[TASK OBJECTIVE]
Only text is carried over. Reproduce the entries below exactly.
Segment Start: PROVIDED MATERIAL
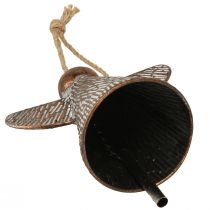 Artikel Deko Schutzengel Metall Glocke Bronze Weiß Vintage Shabby Chic 21x13,5x24cm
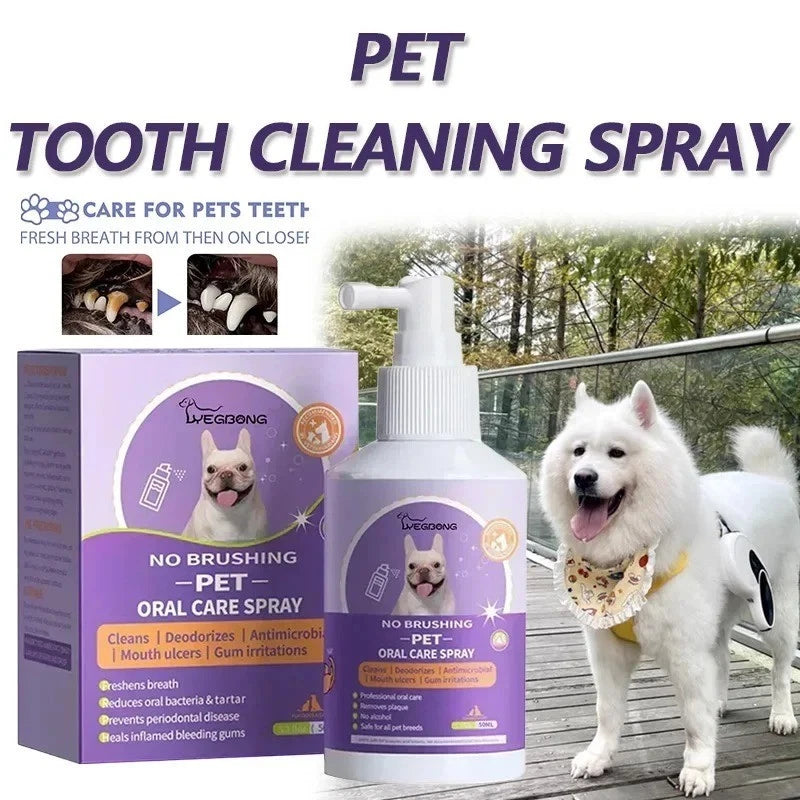 Teeth Cleaning Spray for Dogs & Cats 50ML (1PK)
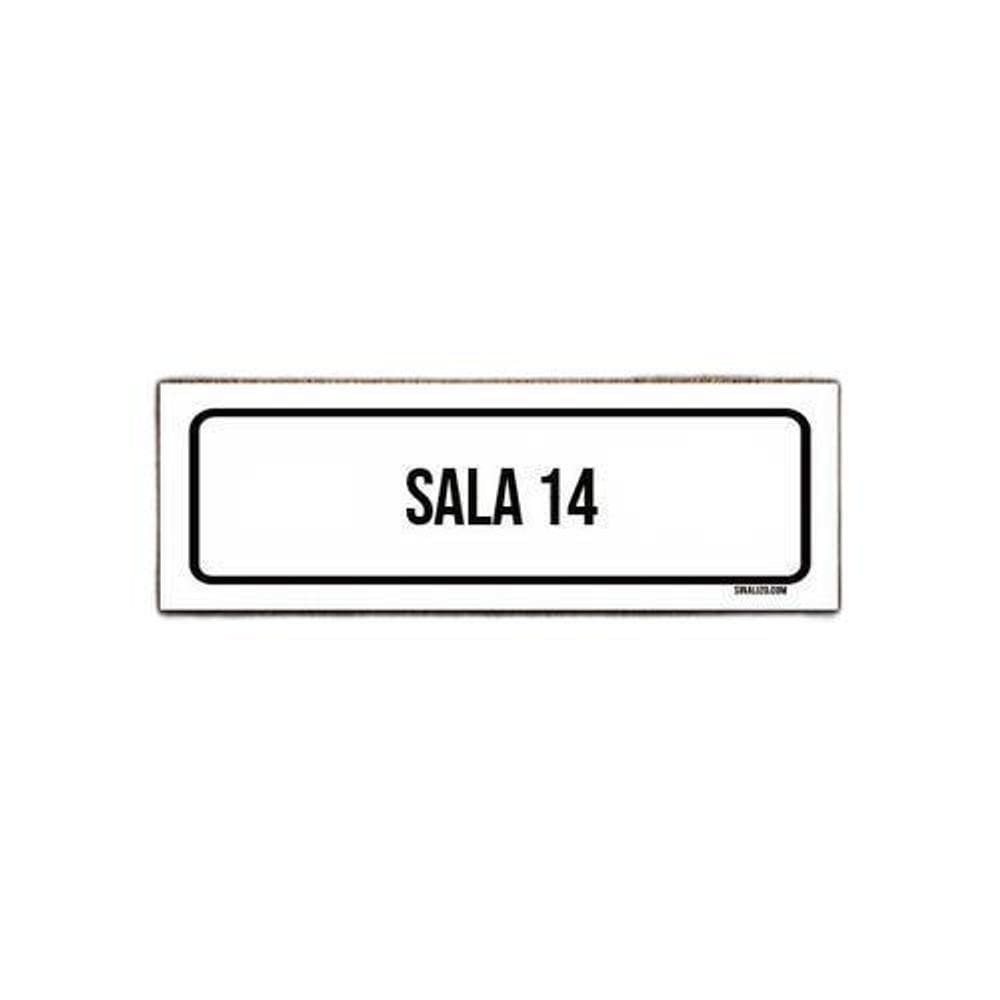 Placa De Sinalização Setor - Sala 14  23X9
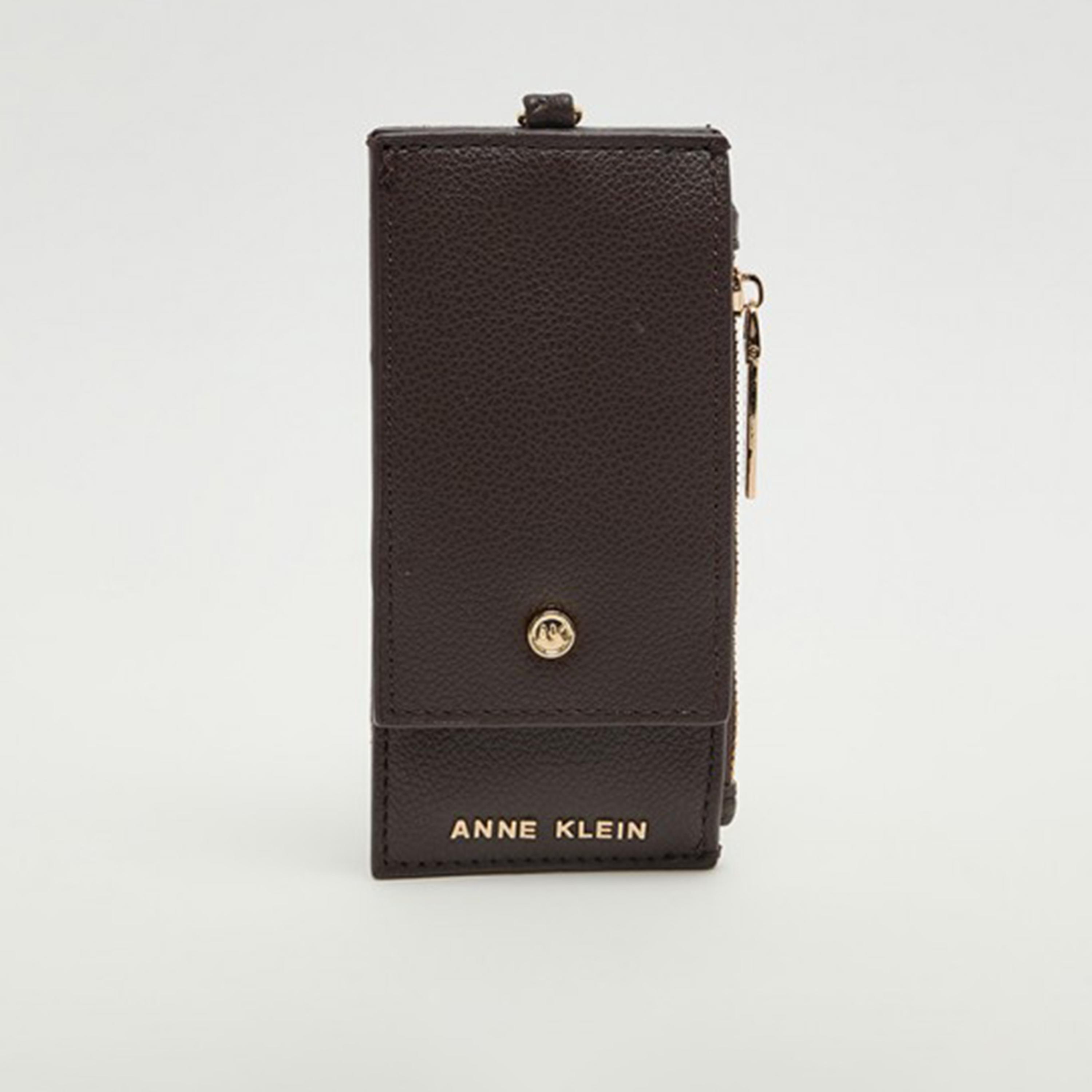 Anne Klein Textured Wallet with Zipper-women-bagsandwallets-wallets-image-1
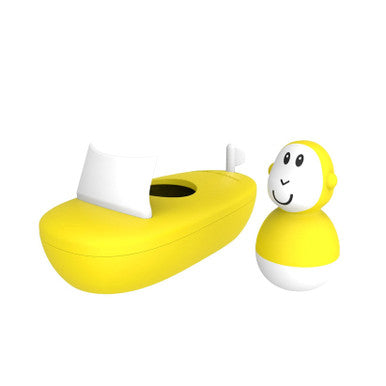Matchstick Monkey Boat Set - Yellow-1
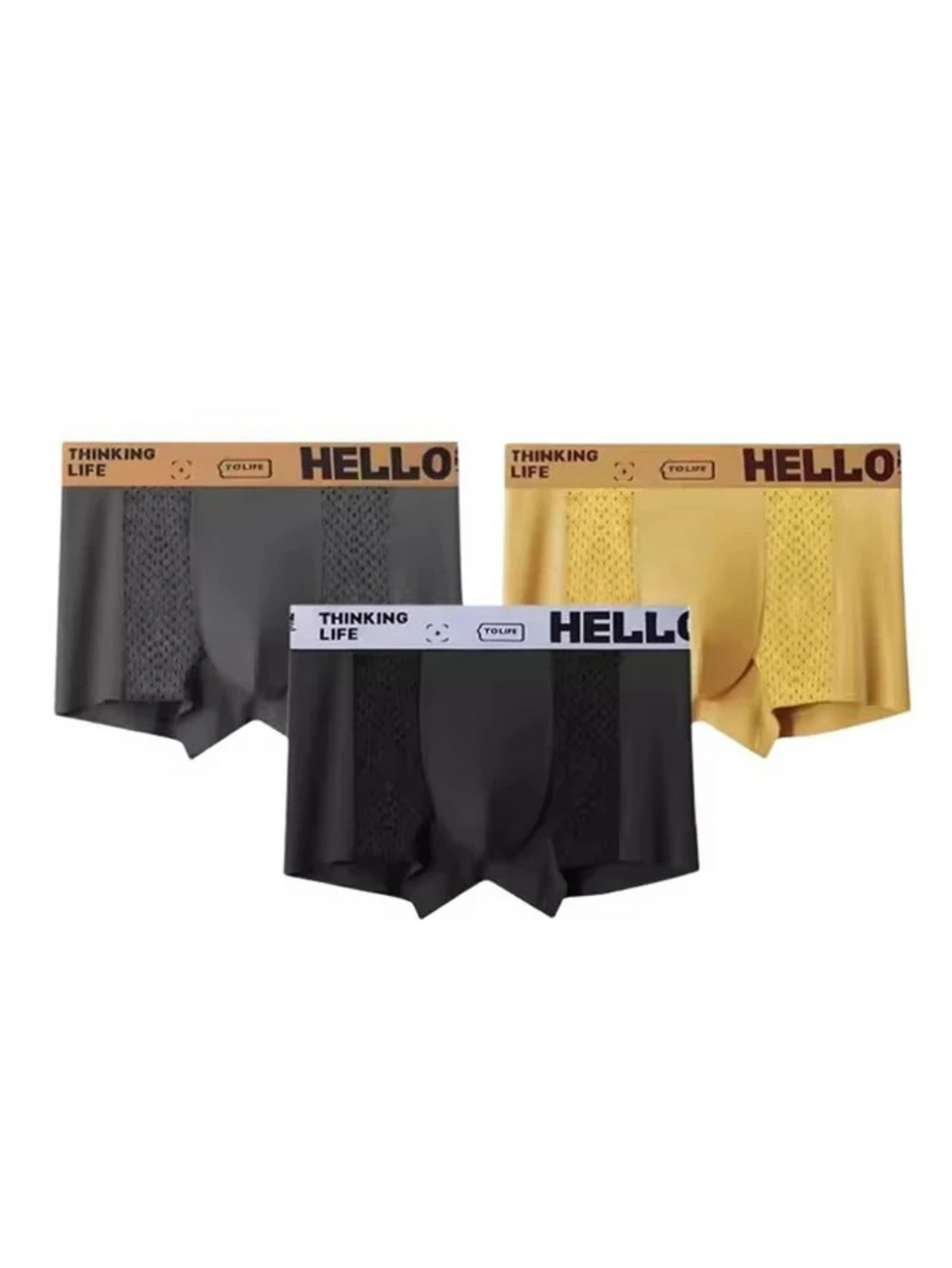 Optew Men Everyday Boxer Briefs Mesh Synthetic Blend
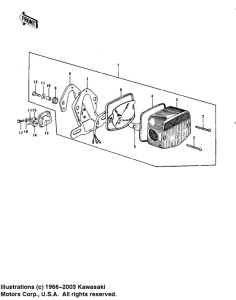 KZ900 Taillight unit ass`y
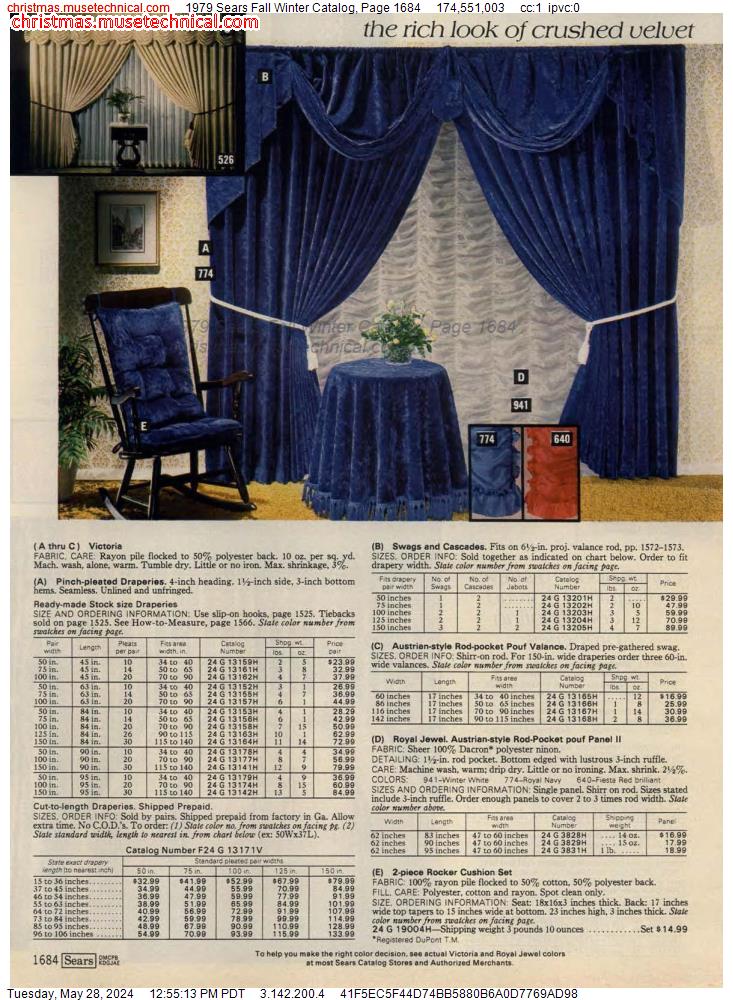 1979 Sears Fall Winter Catalog, Page 1684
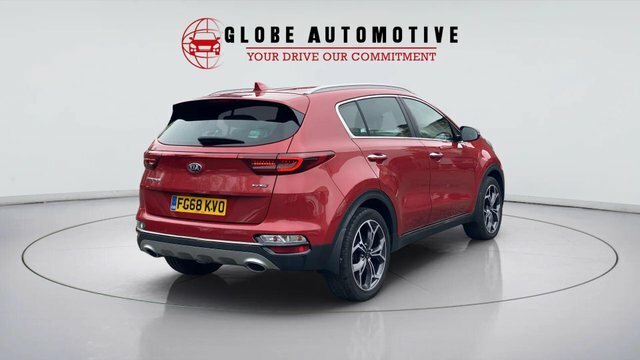 Kia Sportage 2018 1.6 Crdi Gt-line Suv Euro 6 FG68KVO Red #6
Segment End: PROVIDED MATERIAL
[PROBLEM SOLUTION]
 Artikel Deko Schutzengel Metall Glocke Bronze Weiß Vintage Shabby Chic 21x13,5x24cm
 Teeth Cleaning Spray for Dogs & Cats 50ML (1PK)
 Placa De Sinalização Setor - Sala 14  23X9
 Anne Klein Textured Wallet with Zipper-women-bagsandwallets-wallets-image-1
Matchstick Monkey Boat Set - Yellow-1
 Optew Men Everyday Boxer Briefs Mesh Synthetic Blend
 KZ900 Taillight unit ass`y
 1979 Sears Fall Winter Catalog, Page 1684
 Kia Sportage 2018 1.6 Crdi Gt-line Suv Euro 6 FG68KVO Red #6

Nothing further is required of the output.